**Exercise objective:**
Every line below between the line holding "Low-rise lyocell trousers — Purple" and the line holding "Shop Gucci Bow Tweed Midi Dress In Gardenia", inclusive, should be repeated exactly, and all other lines omitted.

Items listed in a dataset
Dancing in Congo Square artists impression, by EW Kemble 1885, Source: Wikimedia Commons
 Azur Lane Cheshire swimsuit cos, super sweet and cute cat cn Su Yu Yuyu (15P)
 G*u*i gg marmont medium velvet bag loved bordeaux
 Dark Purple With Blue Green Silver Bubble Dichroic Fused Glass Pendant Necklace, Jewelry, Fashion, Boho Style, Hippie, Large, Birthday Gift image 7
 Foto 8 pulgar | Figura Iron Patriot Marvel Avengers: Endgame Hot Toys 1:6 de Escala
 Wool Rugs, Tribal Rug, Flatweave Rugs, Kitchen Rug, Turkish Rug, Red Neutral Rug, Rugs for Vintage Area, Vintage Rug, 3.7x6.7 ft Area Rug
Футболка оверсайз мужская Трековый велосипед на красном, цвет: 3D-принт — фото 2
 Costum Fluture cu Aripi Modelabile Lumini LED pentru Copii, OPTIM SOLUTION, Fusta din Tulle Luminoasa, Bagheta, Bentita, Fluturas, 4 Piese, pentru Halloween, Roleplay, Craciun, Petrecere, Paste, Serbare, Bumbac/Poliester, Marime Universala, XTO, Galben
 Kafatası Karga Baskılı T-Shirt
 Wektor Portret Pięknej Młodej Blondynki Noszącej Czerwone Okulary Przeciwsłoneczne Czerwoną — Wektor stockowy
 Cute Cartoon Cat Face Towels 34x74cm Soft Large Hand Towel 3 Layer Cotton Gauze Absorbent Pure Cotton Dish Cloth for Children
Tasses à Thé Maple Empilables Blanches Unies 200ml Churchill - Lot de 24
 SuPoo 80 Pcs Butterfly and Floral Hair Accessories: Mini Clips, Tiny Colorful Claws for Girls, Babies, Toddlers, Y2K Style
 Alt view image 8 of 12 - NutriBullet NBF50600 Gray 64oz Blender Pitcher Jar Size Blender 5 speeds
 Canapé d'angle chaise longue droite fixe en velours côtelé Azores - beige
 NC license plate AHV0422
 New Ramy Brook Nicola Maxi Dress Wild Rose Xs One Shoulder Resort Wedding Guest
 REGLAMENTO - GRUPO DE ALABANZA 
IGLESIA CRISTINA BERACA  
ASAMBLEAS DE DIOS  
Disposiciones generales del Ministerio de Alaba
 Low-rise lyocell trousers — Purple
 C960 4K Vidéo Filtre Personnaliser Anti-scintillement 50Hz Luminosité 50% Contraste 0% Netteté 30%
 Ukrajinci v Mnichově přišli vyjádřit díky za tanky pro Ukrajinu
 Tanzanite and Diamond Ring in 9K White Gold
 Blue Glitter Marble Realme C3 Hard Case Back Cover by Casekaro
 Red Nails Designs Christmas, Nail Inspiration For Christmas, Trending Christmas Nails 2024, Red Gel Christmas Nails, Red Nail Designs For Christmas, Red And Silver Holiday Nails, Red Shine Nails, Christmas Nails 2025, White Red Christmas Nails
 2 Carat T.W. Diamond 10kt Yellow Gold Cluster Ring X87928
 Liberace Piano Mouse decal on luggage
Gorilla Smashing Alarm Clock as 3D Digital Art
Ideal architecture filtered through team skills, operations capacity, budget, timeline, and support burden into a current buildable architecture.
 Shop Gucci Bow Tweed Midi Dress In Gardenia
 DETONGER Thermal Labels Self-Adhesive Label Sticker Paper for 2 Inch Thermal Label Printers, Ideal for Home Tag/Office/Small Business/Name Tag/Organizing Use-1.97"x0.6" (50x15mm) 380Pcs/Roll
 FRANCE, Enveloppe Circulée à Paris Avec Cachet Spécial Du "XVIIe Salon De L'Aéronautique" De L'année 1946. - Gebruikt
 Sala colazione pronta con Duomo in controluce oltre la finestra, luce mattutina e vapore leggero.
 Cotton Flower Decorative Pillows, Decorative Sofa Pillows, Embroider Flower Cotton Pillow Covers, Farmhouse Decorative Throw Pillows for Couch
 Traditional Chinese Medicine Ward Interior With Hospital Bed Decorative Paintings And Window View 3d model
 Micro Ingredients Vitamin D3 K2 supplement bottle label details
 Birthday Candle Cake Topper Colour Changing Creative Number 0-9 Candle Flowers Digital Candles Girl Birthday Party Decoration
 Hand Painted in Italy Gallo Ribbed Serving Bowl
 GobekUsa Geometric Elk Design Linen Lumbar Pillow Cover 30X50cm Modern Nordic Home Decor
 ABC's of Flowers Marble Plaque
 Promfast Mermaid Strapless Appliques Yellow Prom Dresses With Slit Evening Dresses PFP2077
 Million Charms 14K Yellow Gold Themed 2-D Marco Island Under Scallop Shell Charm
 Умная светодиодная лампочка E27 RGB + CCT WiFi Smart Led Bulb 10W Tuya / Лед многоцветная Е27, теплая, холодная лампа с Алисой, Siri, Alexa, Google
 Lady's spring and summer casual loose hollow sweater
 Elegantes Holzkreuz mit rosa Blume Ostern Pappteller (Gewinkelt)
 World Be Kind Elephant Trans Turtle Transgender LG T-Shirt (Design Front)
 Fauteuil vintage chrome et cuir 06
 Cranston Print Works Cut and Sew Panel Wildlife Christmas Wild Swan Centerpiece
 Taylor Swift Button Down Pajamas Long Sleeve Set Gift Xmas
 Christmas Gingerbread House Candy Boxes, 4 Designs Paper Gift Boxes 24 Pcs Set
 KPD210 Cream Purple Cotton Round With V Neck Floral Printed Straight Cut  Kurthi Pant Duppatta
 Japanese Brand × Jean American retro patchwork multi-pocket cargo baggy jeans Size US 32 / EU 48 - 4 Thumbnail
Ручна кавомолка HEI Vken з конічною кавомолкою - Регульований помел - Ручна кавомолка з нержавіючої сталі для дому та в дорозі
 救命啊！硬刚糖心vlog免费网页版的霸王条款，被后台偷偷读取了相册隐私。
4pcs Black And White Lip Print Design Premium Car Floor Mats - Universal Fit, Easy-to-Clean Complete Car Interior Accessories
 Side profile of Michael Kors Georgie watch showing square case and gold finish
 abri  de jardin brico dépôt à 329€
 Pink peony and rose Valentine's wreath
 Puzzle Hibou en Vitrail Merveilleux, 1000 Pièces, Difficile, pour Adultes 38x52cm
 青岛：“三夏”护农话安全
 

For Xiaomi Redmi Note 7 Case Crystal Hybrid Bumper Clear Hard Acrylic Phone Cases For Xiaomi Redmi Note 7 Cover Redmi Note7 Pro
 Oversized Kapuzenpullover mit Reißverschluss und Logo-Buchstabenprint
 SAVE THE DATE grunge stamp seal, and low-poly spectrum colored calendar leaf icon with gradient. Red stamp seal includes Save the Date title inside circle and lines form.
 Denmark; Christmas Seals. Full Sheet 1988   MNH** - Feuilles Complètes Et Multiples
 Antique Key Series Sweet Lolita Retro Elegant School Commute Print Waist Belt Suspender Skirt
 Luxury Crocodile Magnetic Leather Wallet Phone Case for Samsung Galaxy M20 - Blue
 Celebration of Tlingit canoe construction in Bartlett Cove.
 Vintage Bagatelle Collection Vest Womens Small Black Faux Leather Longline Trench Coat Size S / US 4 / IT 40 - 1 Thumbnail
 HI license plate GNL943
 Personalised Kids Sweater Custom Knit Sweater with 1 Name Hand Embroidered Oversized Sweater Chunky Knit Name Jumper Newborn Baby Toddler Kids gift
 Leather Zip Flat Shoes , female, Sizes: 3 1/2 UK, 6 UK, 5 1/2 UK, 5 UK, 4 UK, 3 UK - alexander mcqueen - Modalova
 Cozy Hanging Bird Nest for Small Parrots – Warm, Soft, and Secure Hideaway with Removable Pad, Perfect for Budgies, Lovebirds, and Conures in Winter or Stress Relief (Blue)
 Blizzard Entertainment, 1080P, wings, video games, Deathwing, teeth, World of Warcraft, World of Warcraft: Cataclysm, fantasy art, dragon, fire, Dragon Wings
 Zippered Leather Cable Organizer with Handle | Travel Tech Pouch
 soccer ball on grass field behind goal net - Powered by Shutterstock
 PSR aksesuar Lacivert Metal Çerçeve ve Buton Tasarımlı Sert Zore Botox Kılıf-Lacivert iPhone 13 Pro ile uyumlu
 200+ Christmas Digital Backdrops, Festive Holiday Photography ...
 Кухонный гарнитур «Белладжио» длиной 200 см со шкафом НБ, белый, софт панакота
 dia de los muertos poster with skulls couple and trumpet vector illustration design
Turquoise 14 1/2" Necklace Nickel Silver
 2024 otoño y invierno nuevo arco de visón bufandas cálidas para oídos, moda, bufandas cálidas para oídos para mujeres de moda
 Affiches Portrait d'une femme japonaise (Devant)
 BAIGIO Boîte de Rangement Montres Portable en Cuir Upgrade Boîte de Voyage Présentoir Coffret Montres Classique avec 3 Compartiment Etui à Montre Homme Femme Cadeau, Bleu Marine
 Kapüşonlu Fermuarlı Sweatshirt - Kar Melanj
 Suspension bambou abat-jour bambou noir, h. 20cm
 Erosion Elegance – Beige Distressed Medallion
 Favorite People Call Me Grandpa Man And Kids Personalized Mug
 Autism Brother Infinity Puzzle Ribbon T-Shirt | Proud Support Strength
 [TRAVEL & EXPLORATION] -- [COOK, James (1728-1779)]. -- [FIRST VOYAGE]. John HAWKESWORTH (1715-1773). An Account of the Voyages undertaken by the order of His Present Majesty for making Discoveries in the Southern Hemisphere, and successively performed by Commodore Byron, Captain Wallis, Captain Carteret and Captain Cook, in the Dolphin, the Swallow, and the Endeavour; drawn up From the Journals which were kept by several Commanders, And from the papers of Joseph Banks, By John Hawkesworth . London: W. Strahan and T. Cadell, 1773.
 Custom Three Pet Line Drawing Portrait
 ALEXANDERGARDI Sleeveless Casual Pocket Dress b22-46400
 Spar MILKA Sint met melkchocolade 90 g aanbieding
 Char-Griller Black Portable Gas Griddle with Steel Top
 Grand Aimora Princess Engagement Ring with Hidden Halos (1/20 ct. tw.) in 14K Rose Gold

**Problem solution:**
 Low-rise lyocell trousers — Purple
 C960 4K Vidéo Filtre Personnaliser Anti-scintillement 50Hz Luminosité 50% Contraste 0% Netteté 30%
 Ukrajinci v Mnichově přišli vyjádřit díky za tanky pro Ukrajinu
 Tanzanite and Diamond Ring in 9K White Gold
 Blue Glitter Marble Realme C3 Hard Case Back Cover by Casekaro
 Red Nails Designs Christmas, Nail Inspiration For Christmas, Trending Christmas Nails 2024, Red Gel Christmas Nails, Red Nail Designs For Christmas, Red And Silver Holiday Nails, Red Shine Nails, Christmas Nails 2025, White Red Christmas Nails
 2 Carat T.W. Diamond 10kt Yellow Gold Cluster Ring X87928
 Liberace Piano Mouse decal on luggage
Gorilla Smashing Alarm Clock as 3D Digital Art
Ideal architecture filtered through team skills, operations capacity, budget, timeline, and support burden into a current buildable architecture.
 Shop Gucci Bow Tweed Midi Dress In Gardenia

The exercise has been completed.